Conducted on the largest benchmark, WPC, using 5-fold cross-validation.

Configuration	SRCC	PLCC	Description
3D Point Cloud Only	0.7334	0.7405	Coarse geometric distortion only
2D Projection Only	0.8868	0.8746	Fine texture distortion only (already surpasses most baselines)
2D + 3D Fusion (Full)	0.9017	0.8882	Complementary dual modalities

Loss Combination	SRCC	PLCC	Description
Only \(\mathcal{L}_{\text{global}}\)	0.8644	0.8716	Baseline
\(+\mathcal{L}_{\text{local}}\)	0.8806	0.8666	Added weak supervision per viewpoint
\(+\mathcal{L}_{\text{policy}}\)	0.8880	0.8853	Added policy learning
All three used (Full)	0.9017	0.8882	All components contribute

Sub-point Cloud Selection Method	SRCC	PLCC	GFLOPs↓	Description
Fusion-910 (concatenating all 910×9)	0.8846	0.8694	182.93	Strict comparison with identical input size
Fusion-8192 (average pooling of all sub-point clouds)	0.8816	0.8731	479.32	Retains all points
Ours (RL selects 1)	0.9017	0.8882	232.36	Selects quality-salient regions

Key Findings¶

Modality complementarity with 2D dominance: 2D alone (0.8868) significantly outperforms 3D alone (0.7334), indicating that fine-grained texture distortion is more informative; however, fusing both yields optimal performance, validating the complementarity of coarse geometry and fine texture.
RL selection is both accurate and efficient: Selecting only 1 sub-point cloud is more accurate than concatenating or pooling all 9, while its FLOPs are positioned in between, proving that "focusing on key regions" is superior to "looking at everything."
Adaptive attention based on quality: Medium-to-high quality objects are dominated by the worst viewpoints (weakest-link theory), while low-quality objects integrate multiple viewpoints—learning an intuitive strategy without any explicit supervision.
Policy separability: Prior to training, the contexts \(H'_v\) of selected and unselected sub-point clouds are mixed together in PCA; after training, they become clearly separable, indicating that the policy indeed learns to identify quality-salient regions.

Highlights & Insights¶

Engineering all three HVS mechanisms step-by-step: Viewpoint dependence \(\rightarrow\) geometry-aware reprojection, selective attention \(\rightarrow\) RL-based sub-point cloud selection, and multi-view integration \(\rightarrow\) global viewpoint attention. The design maps perfectly to the motivation, avoiding empty claims of "aligning with human perception".
Establishing 2D–3D correspondence via ray-point cloud intersection: Pointing 2D key pixels directly to 3D sub-point clouds using well-established ray casting from rendering/geometry cleanly resolves the long-standing alignment issue of multi-modal features. This correspondence scheme is transferrable to other point cloud tasks requiring 2D-3D correlation (e.g., point cloud segmentation quality, compression distortion localization).
First to introduce RL to PCQA, using contextual bandits instead of full MDPs: In quality assessment, deciding "where to look" is intrinsically a single-step decision, making bandit modeling both lightweight and appropriate. The credit assignment based on global attention weights (\(r_{b,v}=r_b\cdot\alpha_{b,v}\)) is a clever design that delivers a stronger training signal to more critical viewpoints.
Curriculum learning tames RL instability: Warming up to stabilize representations before activating the policy serves as a practical recipe for embedding RL into supervised regression frameworks, which can be reused in other architectures featuring "main-task supervision + sub-module RL selection".
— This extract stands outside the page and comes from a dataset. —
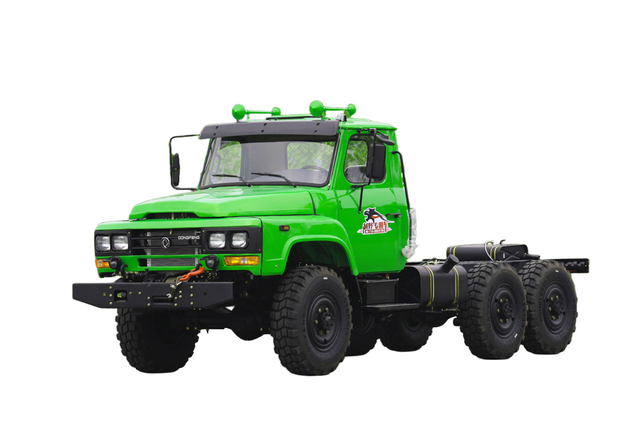  六驱EQ2082底盘改装报价_东风240越野卡车170马力厂家定制配置_6*6经典25Y专用车底盘电话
Limitations & Future Work¶

Dependence on a fixed icosahedron with 20 viewpoints + 9 candidates per viewpoint: The number of viewpoints, candidates, and sub-point cloud size \(M=8192\) are all fixed hyperparameters. Whether they are optimal for point clouds of different scales or sparseness is not discussed.
The parameters \(\sigma=15\) and \(s=100\) in the reward function are manually tuned constants based on the MOS range: These may require retuning when changing datasets or annotation scales, and a sensitivity analysis is lacking.
Poor performance of all methods when trained on SJTU: The cross-dataset scenario SJTU\(\rightarrow\)WPC is actually inferior to MM-PCQA, indicating that the advantages of this framework on small datasets can be offset by domain gaps, and its generalization to completely new object categories remains limited.
Computational overhead: The preprocessing pipeline (20 viewpoints \(\times\) projection + ray intersection + KNN) is quite heavy. Although the paper provides inference FLOPs, it lacks report on actual preprocessing time, casting doubt on its real-time applicability.
Future improvements: making the number of viewpoints/candidates adaptive to object complexity; extending the contextual bandit into multi-step selection (e.g., coarse viewpoint selection followed by sub-point cloud selection); explicitly modeling perceptual uncertainty in the reward.

vs. MM-PCQA: MM-PCQA performs late concatenation/fusion of 2D projections and 3D point clouds without geometric correspondence. In contrast, R3-PCQA first establishes accurate 2D–3D correspondences using ray-reprojection before fusion, and only fuses features on quality-salient sub-point clouds. It achieves comprehensive leads in SRCC/PLCC across all three databases (WPC SRCC of 0.9017 vs. 0.8414).
vs. GMS-3DQA / MFT-PCQA: Although also multi-modal/multi-view, they mostly rely on uniform sampling or simple Transformer integration, lacking "selective attention." R3-PCQA explicitly selects critical sub-point clouds via RL, which ablation studies prove superior to concatenating or pooling all sub-point clouds.
vs. PointNet++ styled downsampling: Traditional FPS/KNN hierarchical sampling aims to process dense point clouds efficiently while preserving geometry. In contrast, the KNN sub-point cloud extraction in this paper is designed to obtain local neighborhoods around anchor seed points determined by the rays for quality assessment, serving a different purpose.
Insight: Quality assessment tasks (image, video, 3D) generally face the contradiction of "analyzing everything is too expensive, while averaging discards key degraded regions." R3-PCQA's "contextual bandit + attention credit assignment" provides a transferable paradigm for "adaptive selection of key regions."

Rating¶

Novelty: ⭐⭐⭐⭐⭐ First to introduce RL (contextual bandits) into PCQA, and the concept of establishing 2D–3D correspondences via ray-reprojection is clean.
Experimental Thoroughness: ⭐⭐⭐⭐ Three databases + cross-dataset validation + three sets of ablation studies + two types of visualization makes it solid; however, sensitivity analysis for key hyperparameters (number of viewpoints, \(\sigma\)/\(s\), \(M\)) is missing.
Writing Quality: ⭐⭐⭐⭐⭐ Clear logical progression with point-to-point alignment between motivations, mechanisms, and designs, mapping the three HVS mechanisms throughout the paper.
Value: ⭐⭐⭐⭐ Achieves SOTA on three NR-PCQA databases with good generalization. The "adaptive key-region selection" paradigm is highly referable for general quality assessment tasks, though the preprocessing is heavy and its real-time applicability remains to be validated.